Information provided |
☆ ☆ ☆

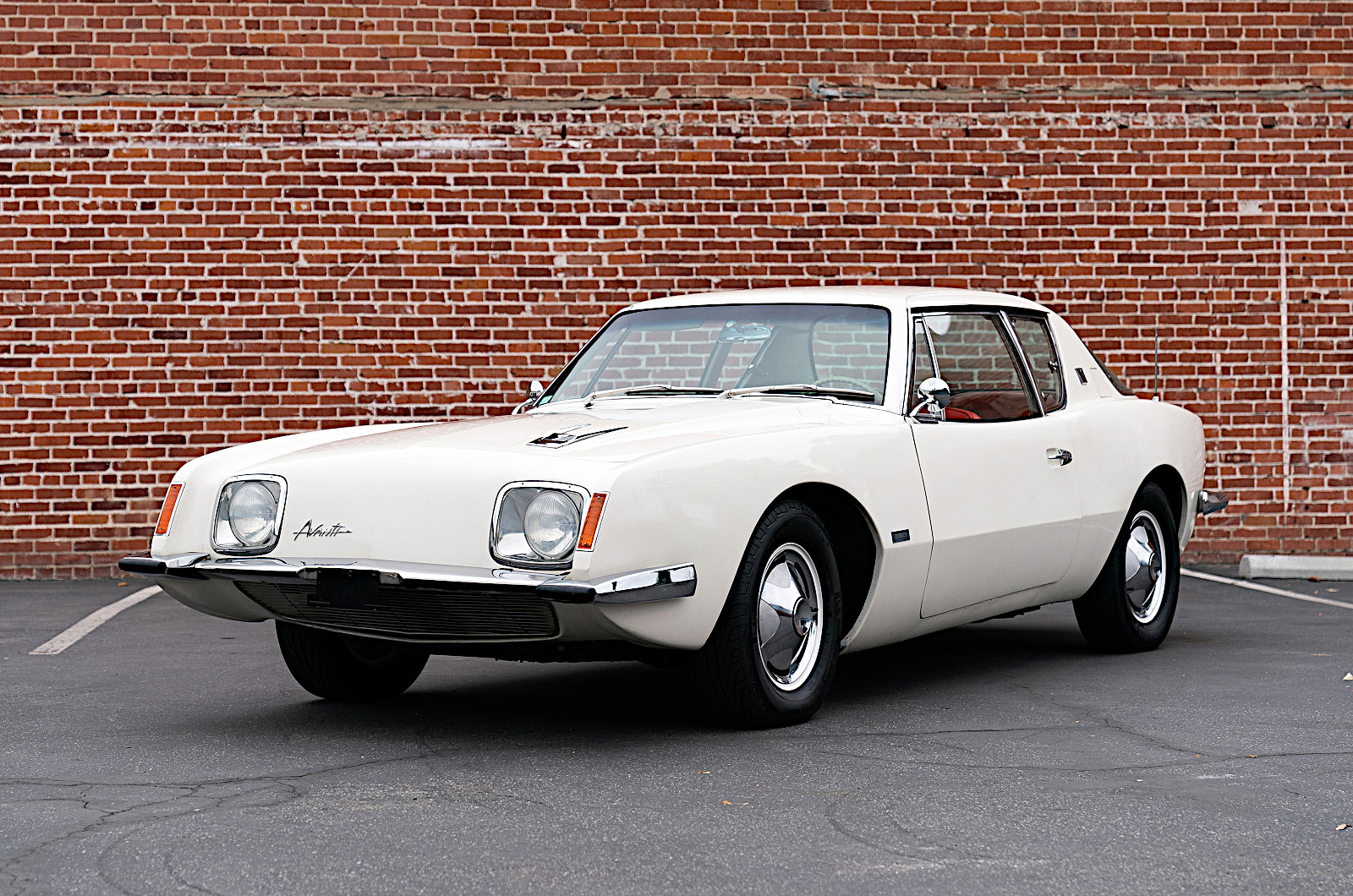 Studebaker Avanti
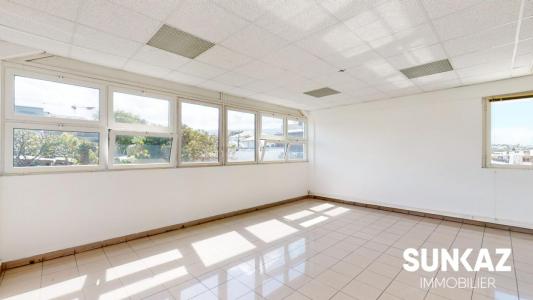 Location Local commercial SAINT-PIERRE 97410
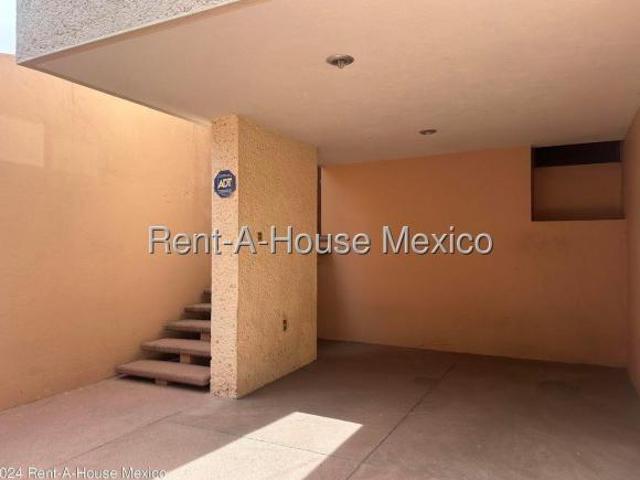 Venta de casa con 4 Hab, 4 Baños en Quintas del Marques, Queretaro, Mexico
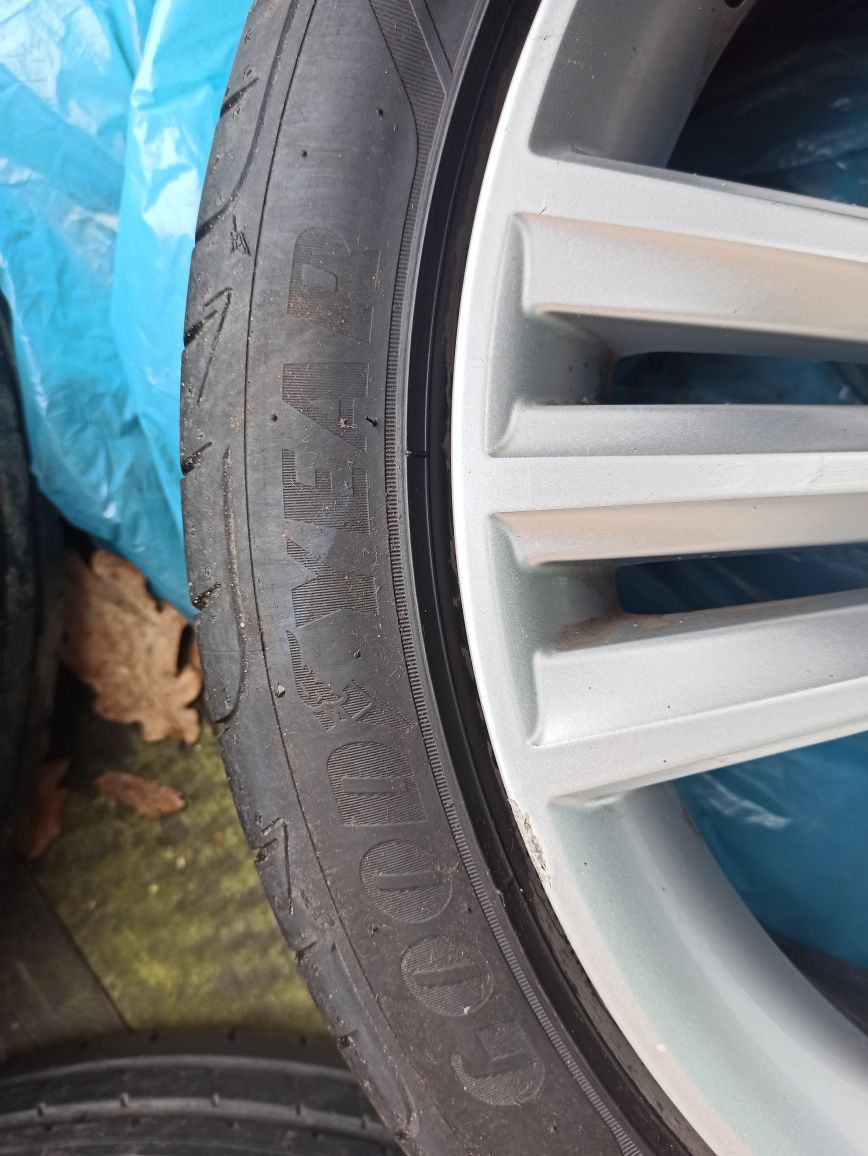 Flagi aluminiowe alufelgi orginalne SKODA 18r 5x112 opony lato Good Ye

☆ ☆ ☆

What is being asked | What is needed is an exact copy of every line from the one with "Location Local commercial SAINT-PIERRE 97410" to the end of the listing above, with the pictures left out.

Response to this exercise |
 Location Local commercial SAINT-PIERRE 97410
 Venta de casa con 4 Hab, 4 Baños en Quintas del Marques, Queretaro, Mexico
 Flagi aluminiowe alufelgi orginalne SKODA 18r 5x112 opony lato Good Ye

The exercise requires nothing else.